Summaries vs. Raw Code: Summaries accelerate broad Q&A but might omit details crucial for debugging or code generation. A system should be able to fall back on actual code if the question demands specifics.

Language-Agnostic vs. Language-Aware: Heuristic splitting and generic text embeddings let you handle any language. AST-based chunking and specialized code embeddings yield deeper understanding but require per-language tooling.

Preprocessing Overhead: Indexing and embedding large repos can take hours; once built, queries run faster. If code changes frequently, you need to re-index or re-embed incrementally.

Long Context Models vs. Retrieval: 100K- to 1M-token contexts help, but still do not scale to monstrous codebases. Retrieval remains key to focusing the model on only the relevant parts.
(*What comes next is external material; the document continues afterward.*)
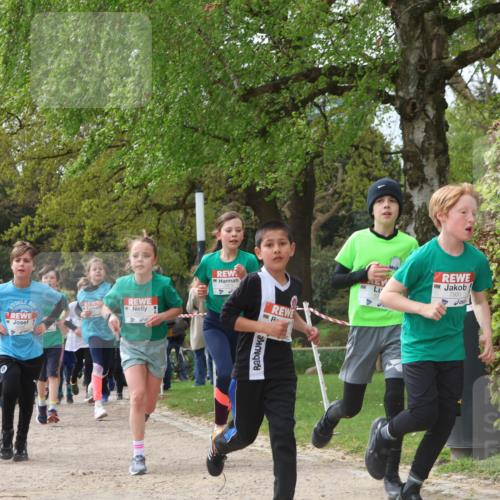 25.04.2026 - Das Zehntel Zöllner http://msf.ph/oto/9666360 25.04.2026 09:40:55 Laufen 7900 meine-sportfotos.de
Confidence & Evaluation: An LLM that lacks correct context may hallucinate. Systems should show the retrieved snippets or references so developers can verify. Enterprise teams often build labeled internal datasets to evaluate retrieval and correctness.

USAGE

1. Choose a chunking strategy:
   - Function-level, class-level, or file-level segmentation.
   - Consider AST-based or heuristic (e.g., indentation) chunk boundaries.
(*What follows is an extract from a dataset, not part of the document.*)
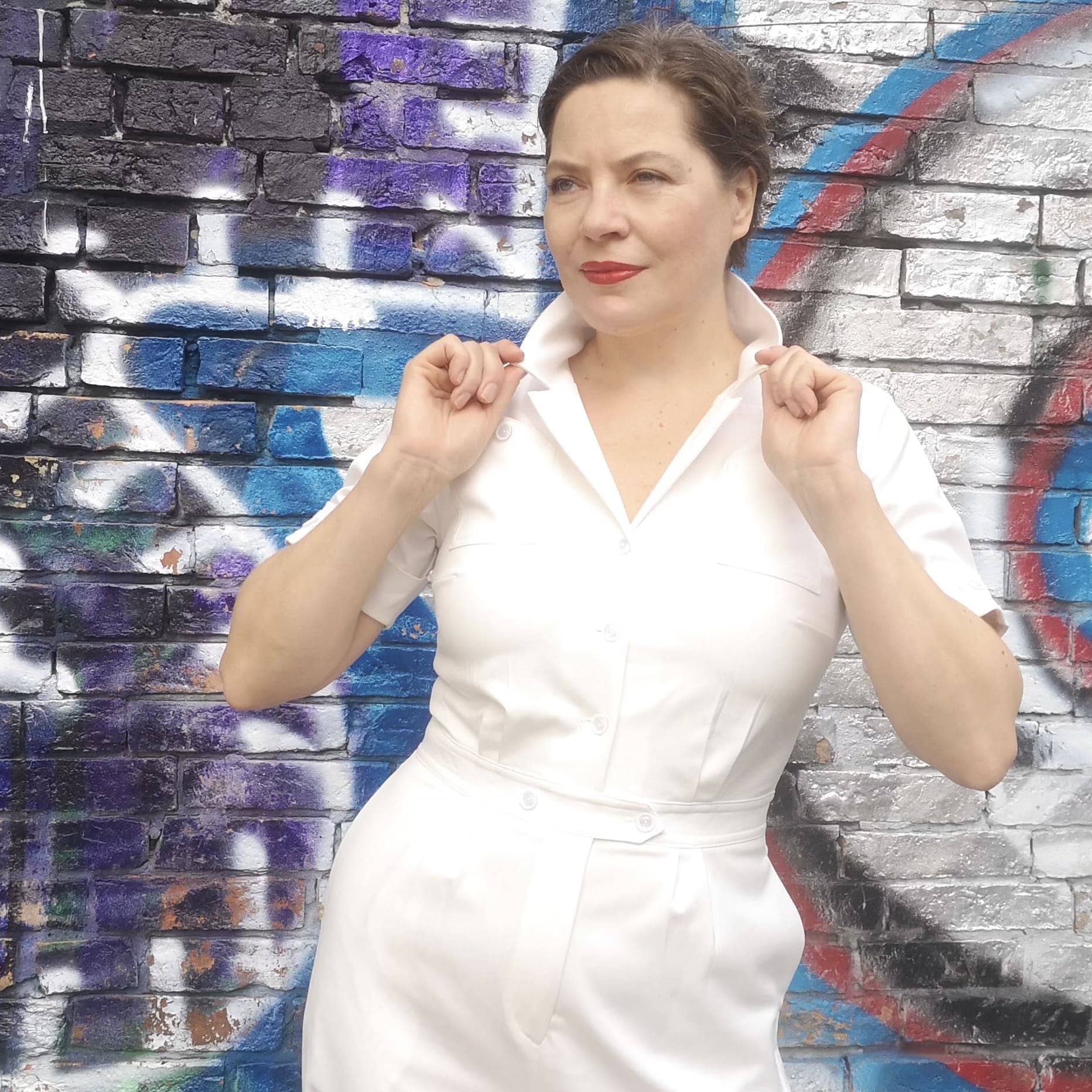 Daisy Dapper: Maxine buksedragt med korte ærmer i off-white toej Daisy Dapper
2. Build an index (keyword or vector, or both):
   - Use a tool like Sourcegraph for lexical indexing or a vector DB (FAISS, Pinecone) for embeddings.
   - If using code-aware embeddings (CodeBERT, CodeT5), ensure your languages are supported.

3. Retrieval logic:
   - Single-step retrieval if queries typically map to one code snippet.
   - Multi-stage (hierarchical) retrieval for large or multi-hop queries.
   - Summaries can route queries to specific subdirectories, then fetch raw code.

4. Integrate with an LLM:
   - RAG prompt structure: "User question + retrieved snippets" → LLM answers.
   - For code completion, embed partial code → retrieve similar code → feed into completion model.

5. (Optional) Summarize:
   - Precompute multi-level summaries. 
   - If the user asks a broad question, consult summaries first, then refine retrieval if needed.

6. Handle updates & increments:
   - Periodically re-embed or re-index changed code.
   - Use incremental indexing if available (e.g., watch your VCS for diffs).

7. Evaluate:
   - Keep a reference set of QA or completion queries. 
   - Check retrieval coverage, LLM answer accuracy, developer feedback.

CONCLUSION

As large language models become a core part of software development workflows, organizations and open-source communities face a fundamental question: how to incorporate codebases far exceeding the model’s context window?

The answer lies in retrieval-based techniques (RAG, hierarchical searching, embedding-based or keyword-based indexes), intelligent chunking, and possibly repository-level summaries. These methods let the model “see” only what it needs and drastically reduce hallucinations while boosting accuracy. Real-world solutions like Sourcegraph Cody, Pieces Copilot, and Amazon’s CodeWhisperer demonstrate the effectiveness of combining fast search or embeddings with LLM inference.

There is no universal solution. The right approach depends on codebase size, language diversity, performance requirements, and developer workflow preferences. Yet the principles are consistent: index, retrieve, and present the LLM with just enough relevant context. This synergy of search and generation will remain central as codebases continue to grow, and as context windows—though expanding—still rarely match the full scale of enterprise repositories.